In my previous blog, I discussed the challenges of cursive handwriting extraction, as well as dimensionality reduction and the importance of feature selection. Dimensionality reduction consists of picking the optimal subset of relevant features that are not redundant to provide the best input for a supervised model algorithm. It is imperative to understand of the fundamentals of fractal science to appreciate the power of feature selection techniques that rely on fractal science.
The formal definition of fractal as per Mandelbrot (Mandelbrot, 1977) is “a subset of the Euclidean space for which the Hausdorff- Besicovitch dimension strictly exceeds the topological dimension.” This definition is rather terse, but there is no consensus on the exact definition of fractals.
Another mathematically rigorous definition that is often cited is “a function that is continuous everywhere but differentiable nowhere.” Though Mandelbrot discusses the concept of fractional dimension in his papers published in 1967, he did not introduce the term“fractal” until 1975.
To understand this definition, familiarity with calculus is required. But it’s essential to make this subject matter accessible to everyone. Attempts have been made to understand fractals by taking recourse to the properties of fractals. The commonly cited properties of fractals may be of help to drive home this rather elusive topic that shakes the very fundamentals of our mathematical understanding – or lack of it.
Any object, be it natural or manmade, may be a fractal if it is irregular in shape, agnostic to the level of magnification, and contains copies of itself when broken into smaller pieces.
The Fractal Dimension
Due to the peculiar properties of fractals, traditional Euclidean geometry, which approximates all structures to their closest smooth structures (earth to sphere, mountains to cones etc,) will not hold water when dealing with fractal dimensions.
While the dimensions taught in Euclidean geometry are integral in nature (i.e., 1, 2….), the dimensions of fractals are fractional – hence the name. To illustrate this concept, consider these aspects of Figure 1:
The piece of paper (the background in Figure 1), that has several geometrical figures represented, is a plane
A plane has two dimensions.
The lines in the plane have one dimension
The point (circled) in the plane has zero dimensions, typically a circle drawn with zero radius
The cube in the plane has three dimensions.
The word “AntWorks” in Figure 1 may be considered to be a curve which is continuous everywhere but non-differentiable
Therefore, the word “AntWorks” is a fractal. It is neither a line nor a plane, and it contains self-similar copies (Don’t search for character A everywhere in the word.

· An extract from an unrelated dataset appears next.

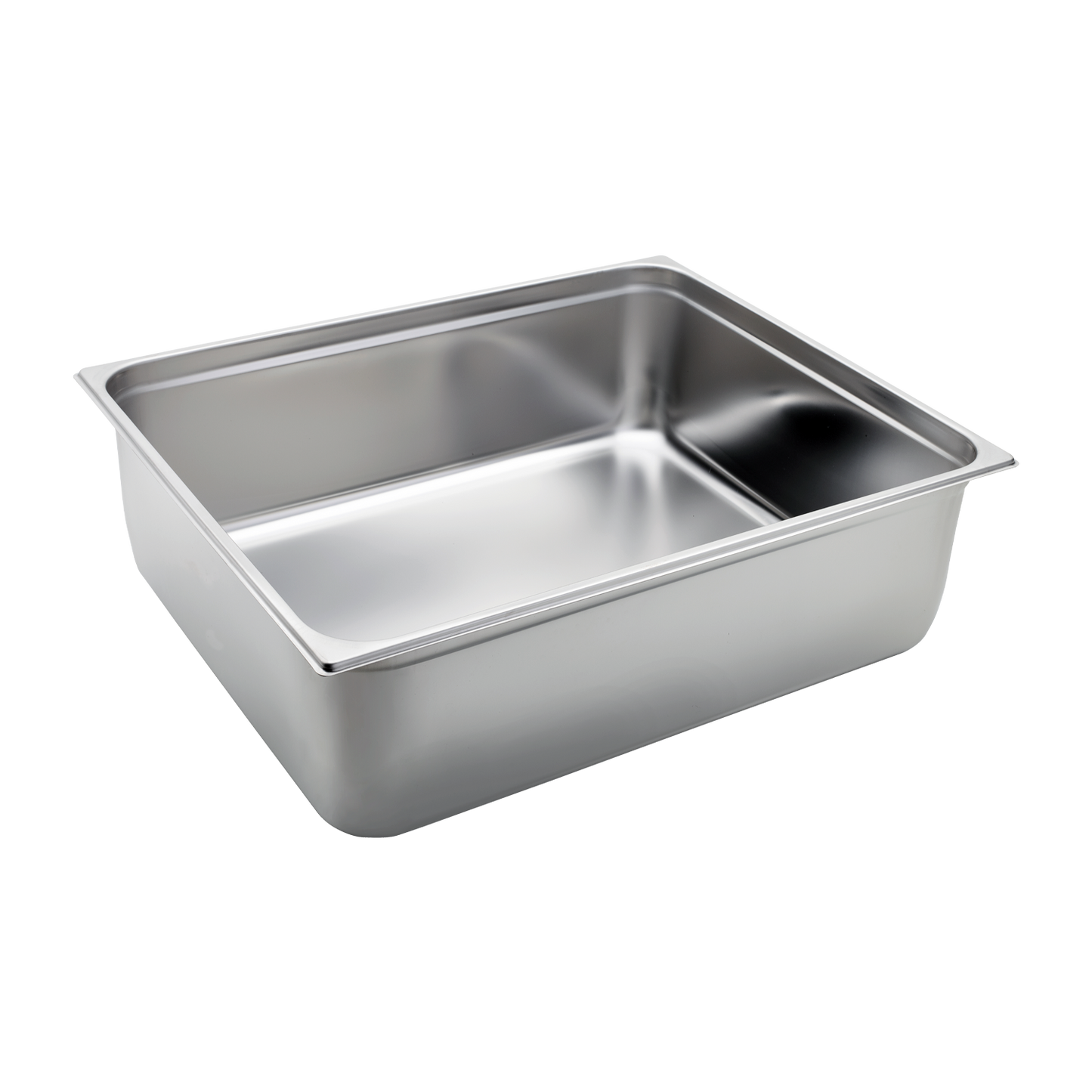 GN container GN 2/1 - 200 stainless steel | REDFOX - GN 2/1-200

By repeating self-similar pattern, the curves that make the word are meant). Its dimension is neither one nor two. It is in between one and two – a fraction, say 1.7.

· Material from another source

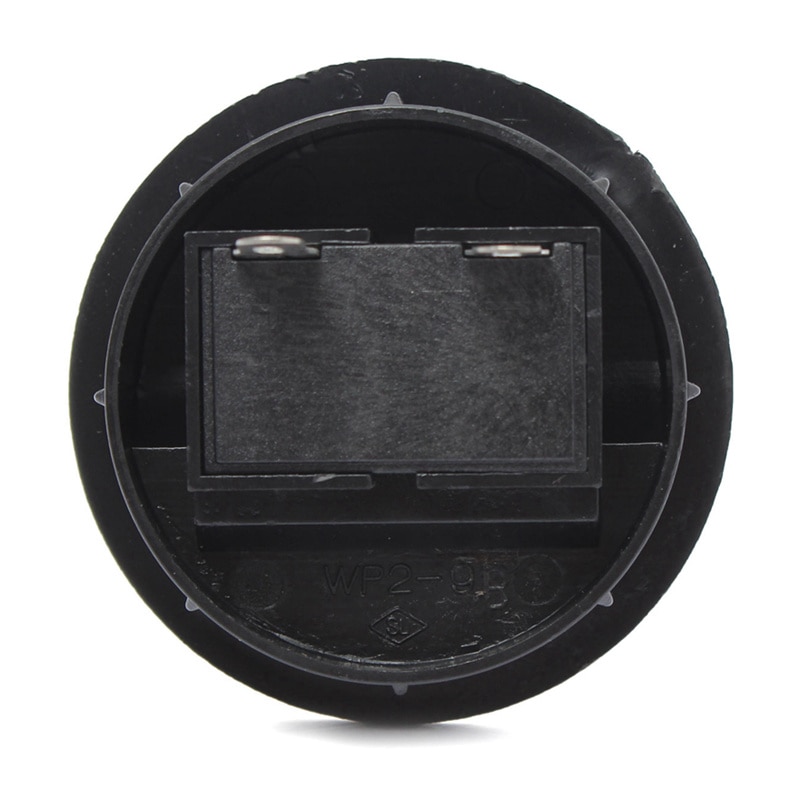 Leory 2 pcs alto-falante placa terminal redonda 2 vias primavera clipe de ligação pós terminal copo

Figure 1: Fractal Dimension Illustration
The fractal dimension of an object or image is used as an approximation for estimating the intrinsic dimension of the data. Several methods are proposed in the literature for calculating the fractal dimension of an object. The popular among them are:
Differential box counting
Triangle box counting
Improved triangle box counting
ANTstein CMR uses its proprietary and efficient box counting method, (a hybrid approach which bends and modifies the traditional box counting to suit the needs) to estimate the fractal dimension to overcome the shortcomings of the popular methods available.

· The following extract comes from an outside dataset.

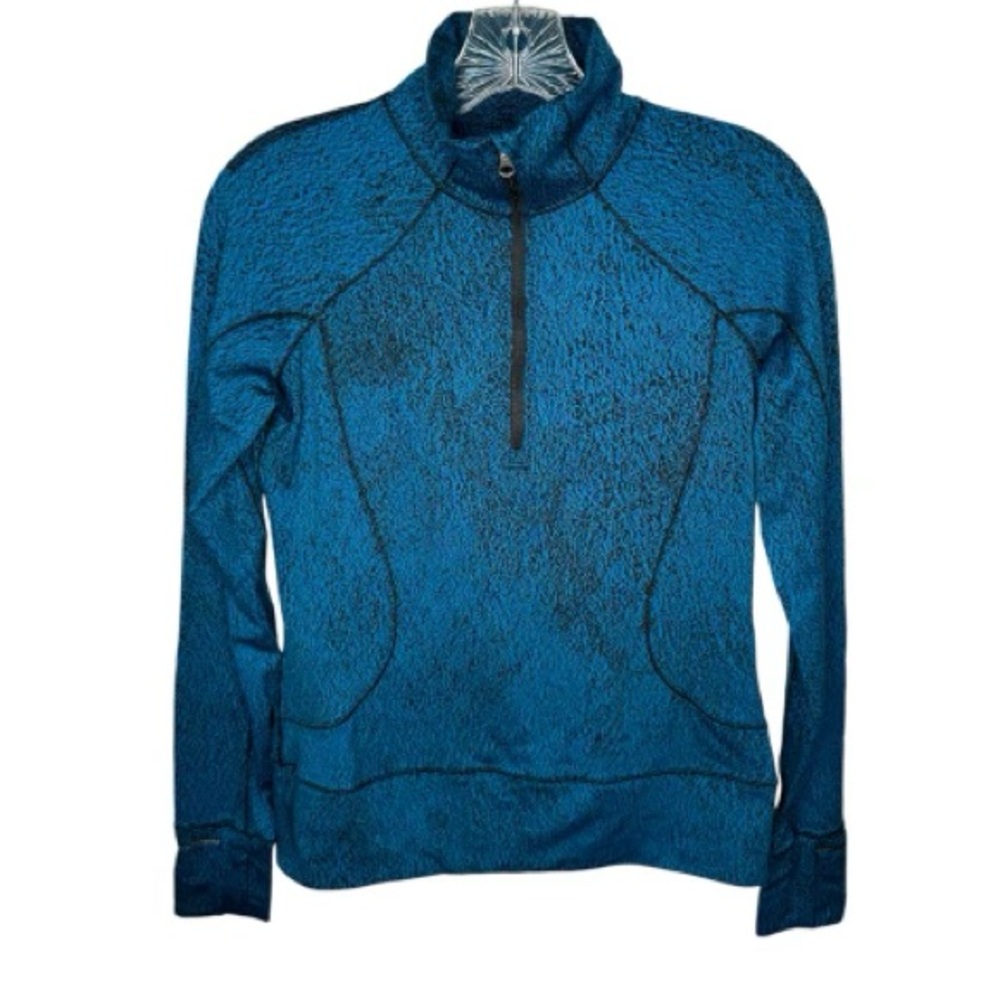 Lululemon Rush Hour 1/2 Zip Size:6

Cursive handwriting is a natural candidate amenable for fractal analysis. The roughness and other characteristics of the handwriting strokes that repeat themselves and their agnosticism to scale can be measured correctly by fractal dimension.
The higher the fractal dimension, the rougher the object. ANTstein CMR can cleverly compute the fractal dimension of data from structured and unstructured documents that contain block and/or cursive handwriting, as well as machine printed characters.
After engineering the features, ANTstein CMR trains labelled features using a proprietary fractal-based machine learning algorithm to detect and extract cursive handwriting. The model compares the fractal features (fractal dimensions, lacunarity and entropy) of the labelled handwriting characters with that of the extracted values from incoming samples and gives a composite confidence score to aid operational decisions.
The confidence is 100 percent when the difference between the fractal features (ground truth and predicted) are zero. The confidence score is close to 0 when the difference between the fractal dimensions is huge.
This approach assures more than 70% of accuracy just after initial setup. This is significantly higher than state-of-the-art, OCR-based models powered by deep neural networks. With its ability to learn new patterns based on its self-learning capability, typically a feedback loop, ANTstein CMR continues to improve accuracy of extraction over time, thereby aiding the reduction of dependence on the error-prone manual effort. It also aids intelligent automation of processes that involve handwriting such as cheque processing and application forms processing to name a few.
Apart from cursive handwriting extraction, ANTstein CMR also contains the following cool features powered by proprietary machine learning algorithms powered by fractal science:
Checkbox detection and extraction
Signature detection and verification
ANTstein CMR solution architecture is given in Figure 9.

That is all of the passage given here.